Photographing Swimmers

Discussion in 'Photography, Art & Design' started by hacker 8991, 19 Oct 2006.

  1. hacker 8991

    hacker 8991 What's a Dremel?

    Joined:
    8 Jan 2004
    Posts:
    643
    Likes Received:
    1
    I recently attended my high school's swim meet in order to take some shots for our yearbook, but I had never taken pictures of swimmers before. Needless to say, most of the pictures were either blurry or grainy, or a combination of both. I uploaded most of them so that you can see what I'm talking about.

    I'm wondering if anyone has any tips for taking pictures of swimmers (and divers). I thought that setting the ISO to 1600 would eliminate blur, but the shots turned out too grainy. I had my Nikon D70 on shutter priority with the speed at 1/500 for most of the time. What's the ideal ISO/shutter speed/aperture combination for photographing events like this?

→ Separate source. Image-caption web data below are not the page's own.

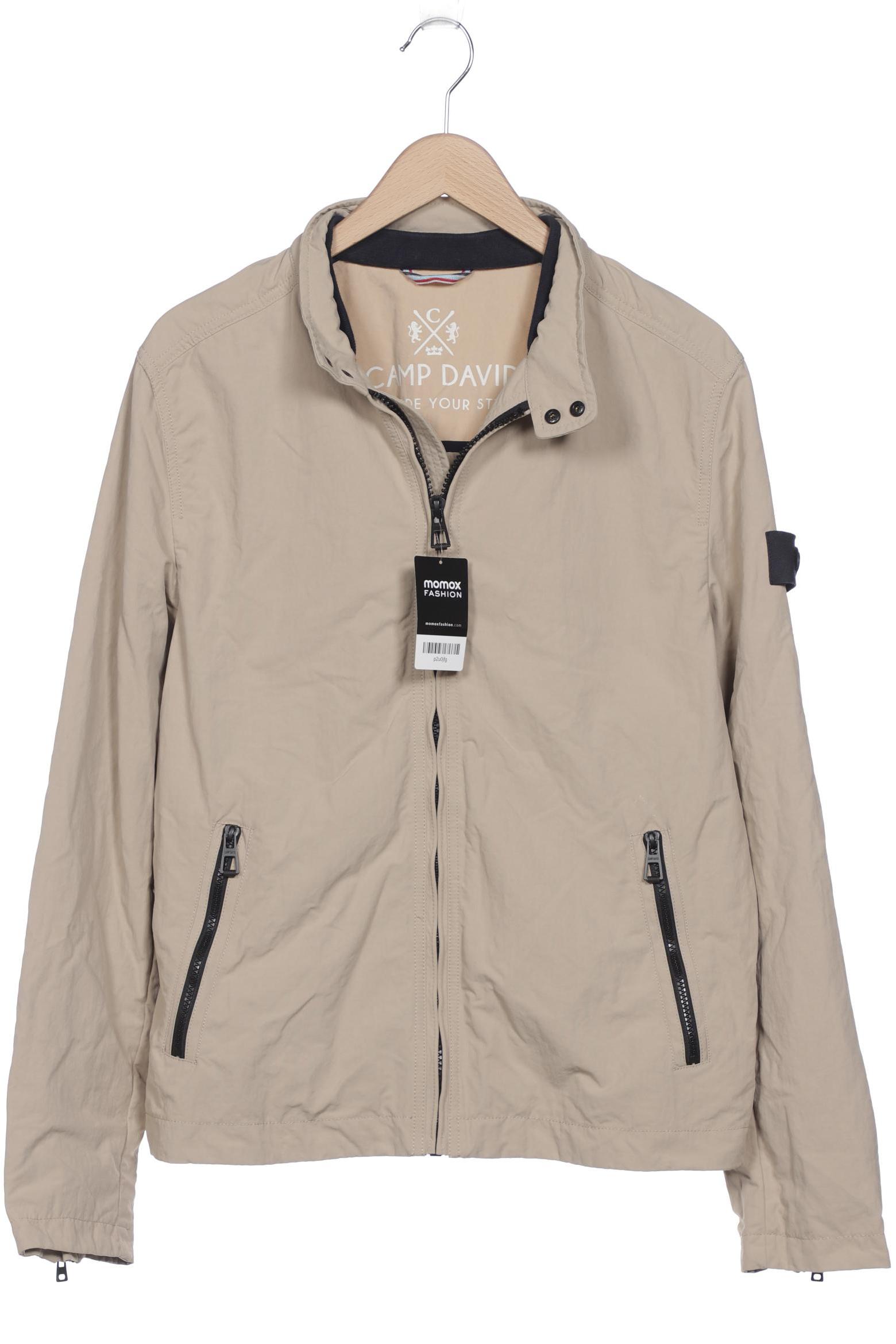 

Camp David Herren Jacke, beige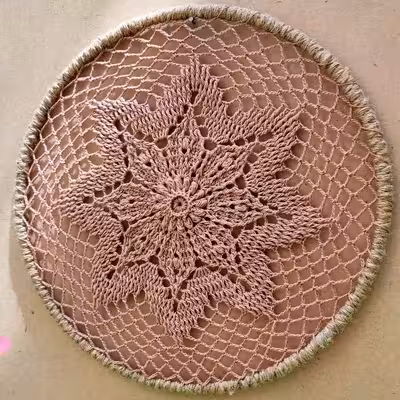 دیوارکوب بافتنی مدل دریم کچر کد R06 مجموعه 4 عددی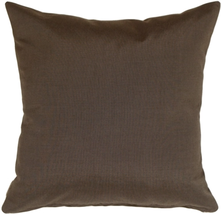 Sunbrella Coal Black 20x20 Outdoor Pillow, Complete with Pillow Insert - £46.85 GBP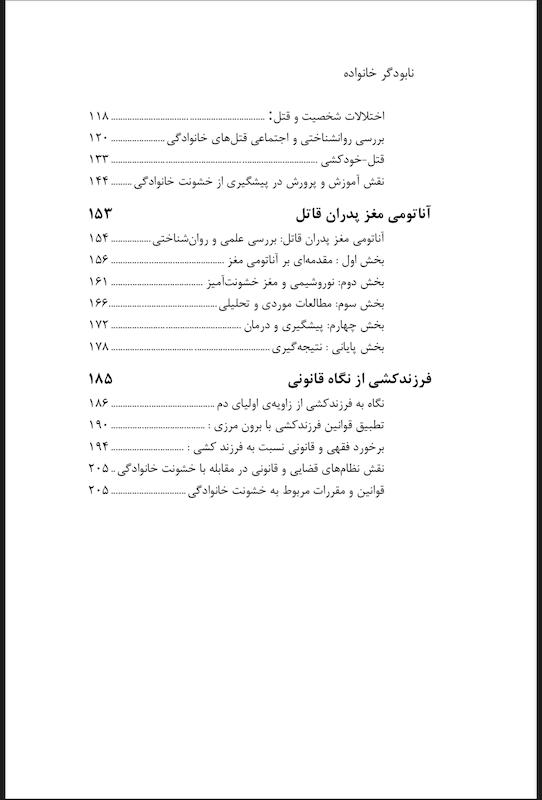 نابودگر خانواده( پدران قاتل)
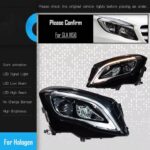 Suitable for 2016-2023 Mercedes-Benz Vito light-duty vehicles. VITO LED projector headlight retrofit - one headlight (original, high-end configuration). - Image 7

    Also, any tips of interesting angles to take pictures from?
     
  2. Lovah

    Lovah Apple and Canon fanboy

    Joined:
    10 Jul 2002
    Posts:
    3,846
    Likes Received:
    25
    In my understanding it's "Noise" not "Grain", but I understand what you mean. High ISO settings will have alot of Noise in them. Depending on your camera, I think you're best to keep the ISO under 800 if possible.

    Blur, It's clear that you had problems with motion Blur. The only way around this is very fast shutter speeds, 1/500 is just not fast enough. If you want fast shutter speeds, then you need alot of light. To stop action indoor, without proper lighting, you will need F2.8 .

    Low light + Low ISO + Fast Shutter speeds = Wide Aperture

    But be warned, this is purely a theoretical look at things. I have no experience at all.
     
  3. Fod

    Fod what is the cheesecake?

    Joined:
    26 Aug 2004
    Posts:
    5,802
    Likes Received:
    133
    a good way to reduce noise is to shoot in raw and overexpose as much as possible, then bring it down in the raw converter. using this technique it's possible to take ISO1600 pics that look almost as good as ISO400-800 pics - depending on the scene.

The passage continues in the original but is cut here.